Supplied information:

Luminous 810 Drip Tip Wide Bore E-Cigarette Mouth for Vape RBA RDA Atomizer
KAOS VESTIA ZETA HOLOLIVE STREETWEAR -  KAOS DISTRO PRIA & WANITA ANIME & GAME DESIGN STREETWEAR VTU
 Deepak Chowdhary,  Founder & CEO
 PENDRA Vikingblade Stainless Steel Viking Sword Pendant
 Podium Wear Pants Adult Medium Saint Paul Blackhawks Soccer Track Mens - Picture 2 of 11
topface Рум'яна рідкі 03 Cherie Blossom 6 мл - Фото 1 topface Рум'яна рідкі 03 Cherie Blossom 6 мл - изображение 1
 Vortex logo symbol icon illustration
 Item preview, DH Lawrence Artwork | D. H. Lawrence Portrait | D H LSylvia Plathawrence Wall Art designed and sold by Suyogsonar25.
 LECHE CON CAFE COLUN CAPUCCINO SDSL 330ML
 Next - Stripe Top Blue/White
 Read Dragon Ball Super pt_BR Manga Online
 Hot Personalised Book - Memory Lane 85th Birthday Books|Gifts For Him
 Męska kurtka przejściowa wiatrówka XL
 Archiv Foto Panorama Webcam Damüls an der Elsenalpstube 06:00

Activity: Scan the entries above for the line containing "Item preview, DH", and copy it and all lines after it exactly, down to and including the line containing "Hot Personalised Book".

Result:
 Item preview, DH Lawrence Artwork | D. H. Lawrence Portrait | D H LSylvia Plathawrence Wall Art designed and sold by Suyogsonar25.
 LECHE CON CAFE COLUN CAPUCCINO SDSL 330ML
 Next - Stripe Top Blue/White
 Read Dragon Ball Super pt_BR Manga Online
 Hot Personalised Book - Memory Lane 85th Birthday Books|Gifts For Him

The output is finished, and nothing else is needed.